Anna shrugged. “It's true. Go look. There are Grasshopper masks that supposedly date back to the early nineteenth century, but they are less than ten years old. Supposedly, they are danced at the Harvest Dance in Santa Catarina, only there's no such town. Or rather, there are plenty of Santa Catarinas, but none have a Harvest Dance.”

Salvador stubbed his cigarette. “Do you still need a guide?”

“I never needed a guide.”

The painter looked contrite. “The other day, I thought you were another tourist writing silly stories. Tuesday, there is a Carnival parade in San Juan del Monte. Have you been?”

“To Carnival, but not there.”

“I invite you, then. While we are up there, we can investigate this book. I make you a bet the carvers are honest and the writer is guilty.”

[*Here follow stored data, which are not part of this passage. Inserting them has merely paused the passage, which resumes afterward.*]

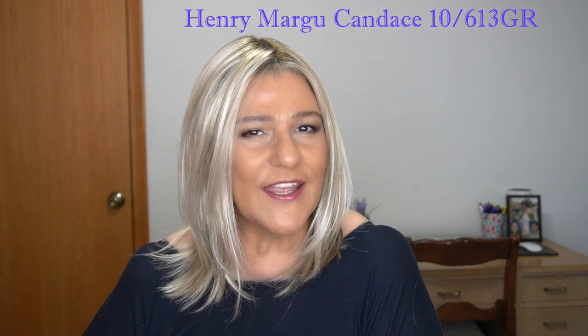This is Henry Margu Candice in the color 10613GR — very light density in this length. This is probably the lightest density that I have, setting aside the Belle Tress styles which are all heat-friendly. Candice has traditional fibers and doesn't even weigh 4 ounces, so you know it's a light density. The bang is 10 inches, the nape is 8 inches, and the back is 13 inches. It has a center part and a lace front.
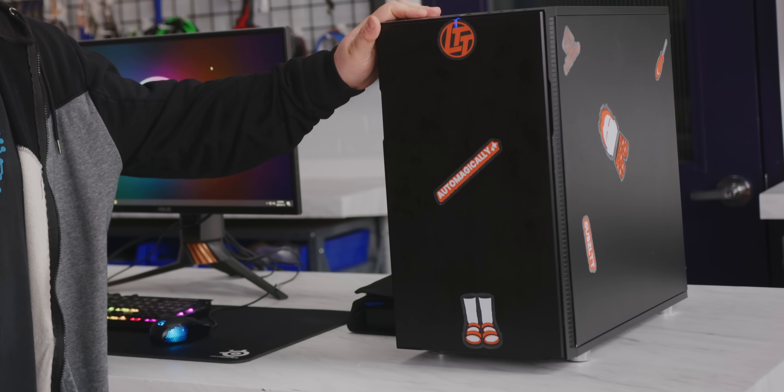Imagine this is your gaming rig. It costs you about $1,800 at the time and features premium parts like a Core i7-3770K and a Radeon HD 7970 — well, they used to be premium parts. Only problem is, you've been using them for seven or eight years now. And while they've served you well...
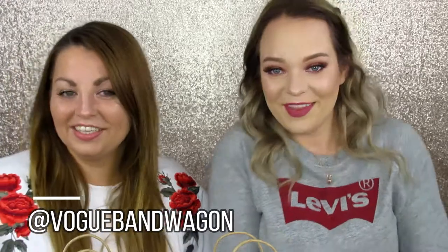Hey guys, welcome back. It's Danielle here and Sam from Vogue Bandwagon. And if you're new, thanks for joining us.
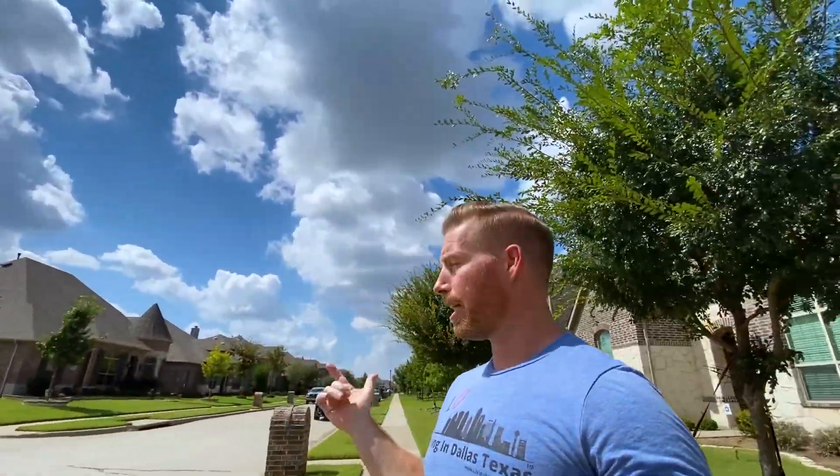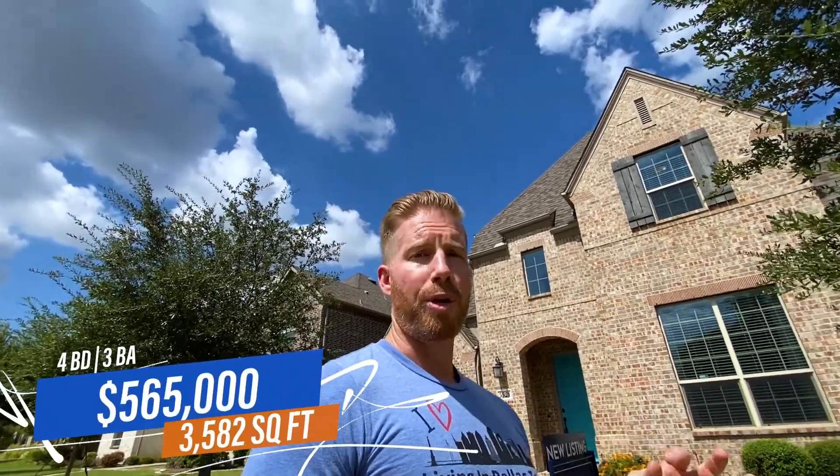We've got our next stop here in Sachse. You can see the same situation — this home was also built in 2014. You can always look at the trees as an indicator of how well-established the neighborhood is. In new communities, developers typically level everything first, so they rarely save existing trees and just replant new ones. The home we're coming up on right now is listed at $565,000 — it's a four bedroom, three bath, right at 3,582 square feet, putting the price per square foot right around $158.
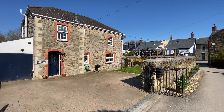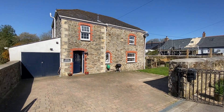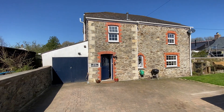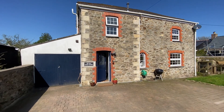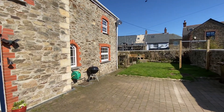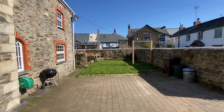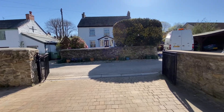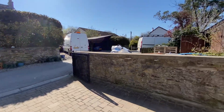Hi, this is Sean from Philip Martin Estate Agents. I am at the Old Sunday School, which is located just off the main thoroughfare in the village of Grand Pound, midway between Truro and St Orstal. So it's a lovely position, tucked away and very quiet at a no through road.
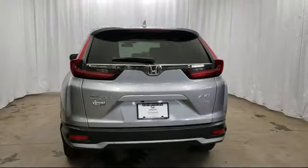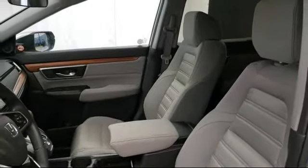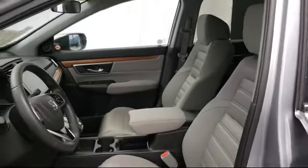Located on the shores of Lake Superior, Ashland Honda has been serving our community since 2008. We're a big, small-town dealer, and every customer is extremely important to us.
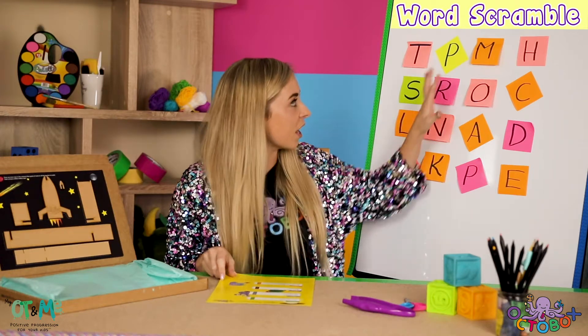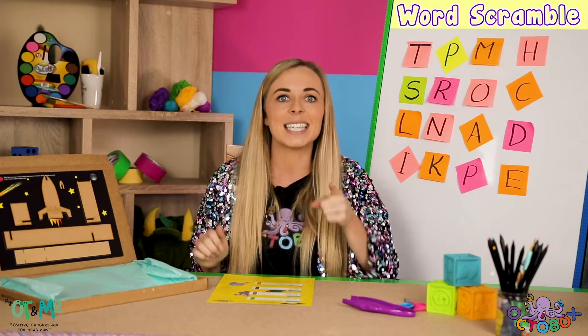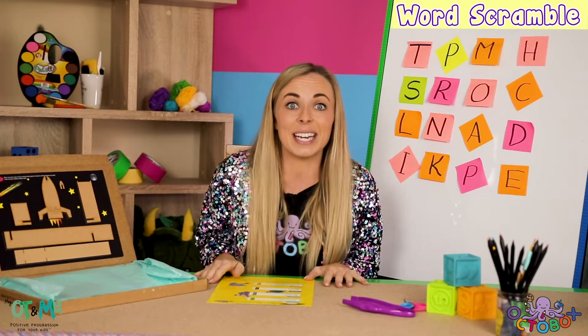Also there's a word scrambler up on the whiteboard. I'm going to leave this up through all the videos — see how many space words you can find and comment below. I'll see you in the next video!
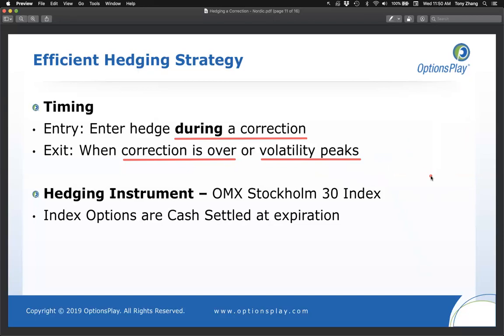What do you buy puts on? For the Nordic markets — if your portfolio is predominantly in Nordic equities — the broad-based index to consider is the OMX 30. If you have a US-based portfolio, use the S&P 500; German equities, use the DAX. Whatever your portfolio consists of, try to find an index or ETF that closely correlates with your holdings.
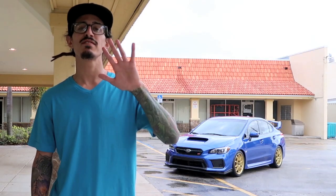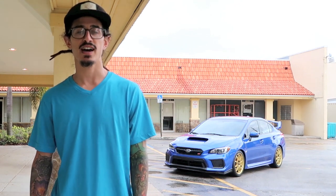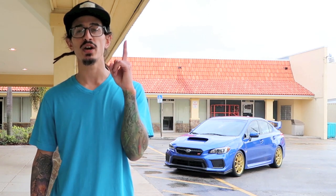What's up guys, today I want to talk about five things I love about my 2019 Subaru STI. Believe me when I tell you it was not easy to just pick five things, but I think I made some pretty solid choices, so let's get right into it.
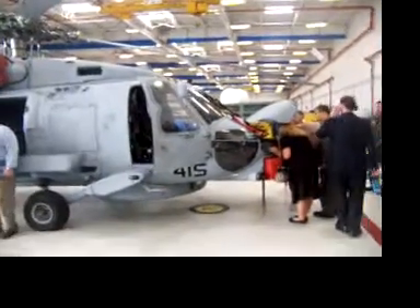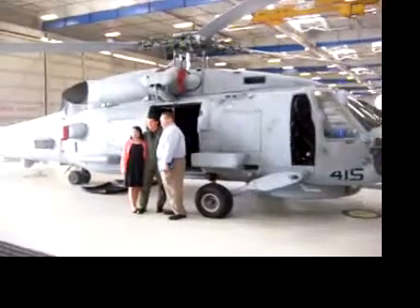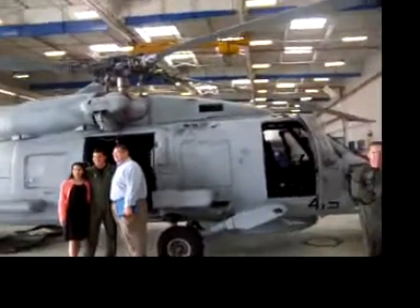Here we are — this is Jason's helicopter. Here's where we get to check it out. Look at all that machinery there after these guys get done.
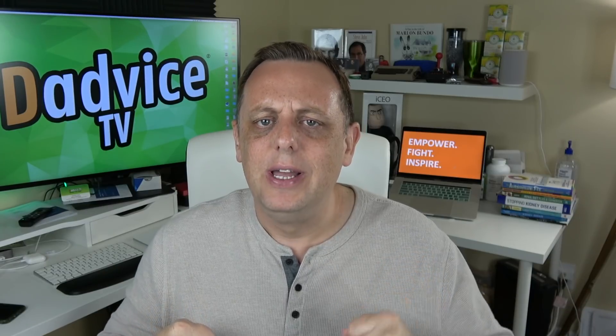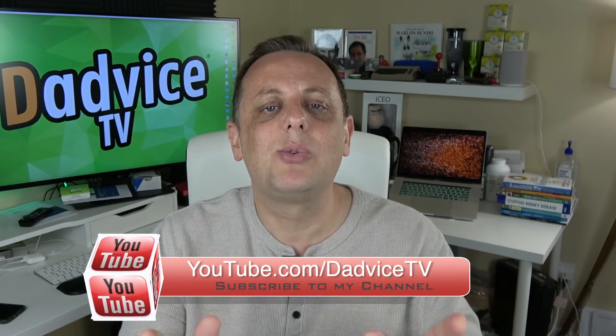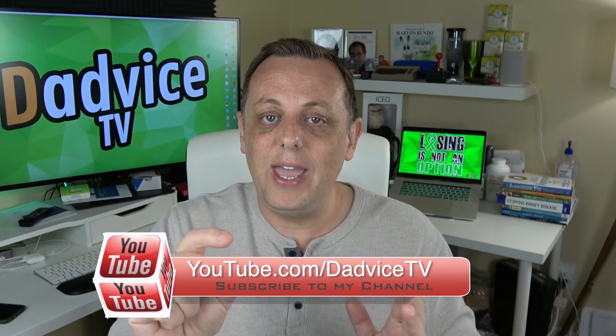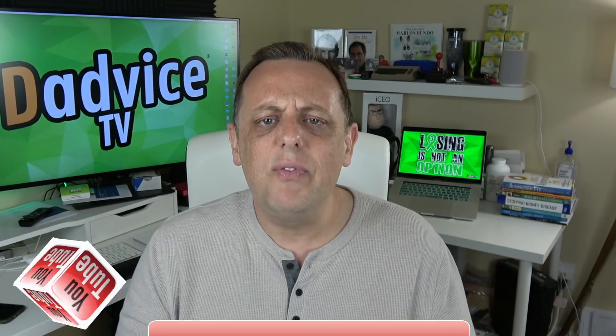James here, your favorite online kidney health coach, and have I got something awesome to share today. But before we get to that, make sure if you haven't done so already, subscribe to my YouTube channel, youtube.com/DadViceTV, and don't forget to click the little bell icon — that way you'll get a notification every time I upload another great video.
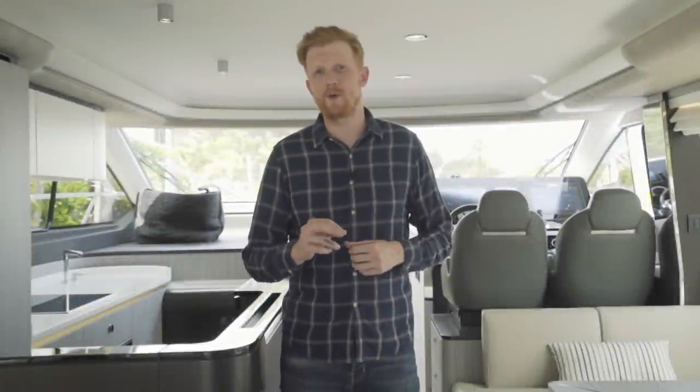Greetings from the historic waters of La Solis here in Fort Lauderdale, Florida. My name is Ryan Alexander with Dennison Yachting. Today I'm going to be taking you on a walkthrough of a 2019 Azimut 60 Fly, one of the most popular boats on the water.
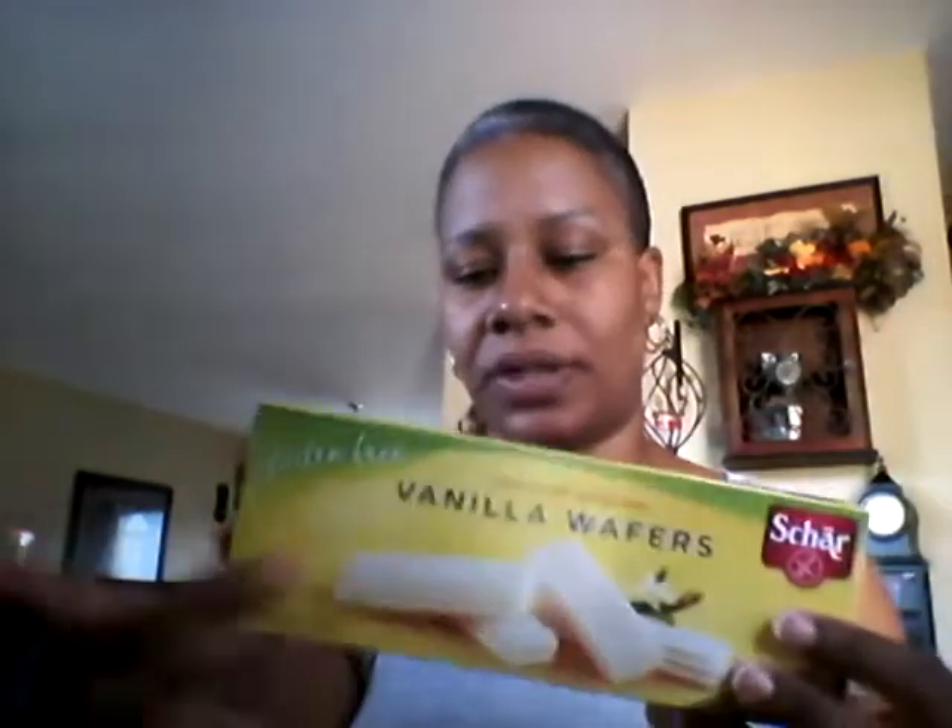The next thing we have are these vanilla wafers. You've seen these in the store — they come in strawberry, chocolate, and vanilla. She's never had these so I don't know how she'll do. My son didn't even know what they were. We haven't opened this yet so we haven't tried them. These are also gluten-free, wheat-free vanilla wafers by Char. I'll let you know how those are when we taste them.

Anna paused, unable to believe what was happening. She was being asked to bet on her father's integrity.

“What are we betting?”

“If I lose, I give you a painting, and if I am right, you will give me . . .”

“A mask.”

“I was thinking a copy of your book.”

Anna looked into her lap. She'd forgotten her book. “That may take a while.”

“That's okay. If you pay for gas, I will introduce the carvers and translate, and chase the dogs, and prove these artists are honest men. Sounds good?”

It did sound good. Who could explain chemistry? She liked his face, his messy rolled-up sleeves, his half-tied shoes. He smelled like paint cleaner. A little toxic, a little edgy.

“Thank you,” Anna said. She meant it. They had broken through wherever they'd started. “Are you sure you don't mind?”

“If you write about a place, you should know it.” He waited a beat, giving her a chance to mock him. When she didn't, he teased again. “Now, as your guide, I need to know: Are you easy to be with?”

“In what way?”

Salvador snaked his hand through the air. “Whatever way we might have to go.”

Her phone bleeped a text. Her father.
were are you#

She had missed an earlier text from David. Same question.
Where R U?

She had nothing to say to David. There was nothing she
could
say to her father. She dropped the phone in her bag, looked hard at the painter, and told him the truth.

“Some men think I'm easy, but they're wrong.”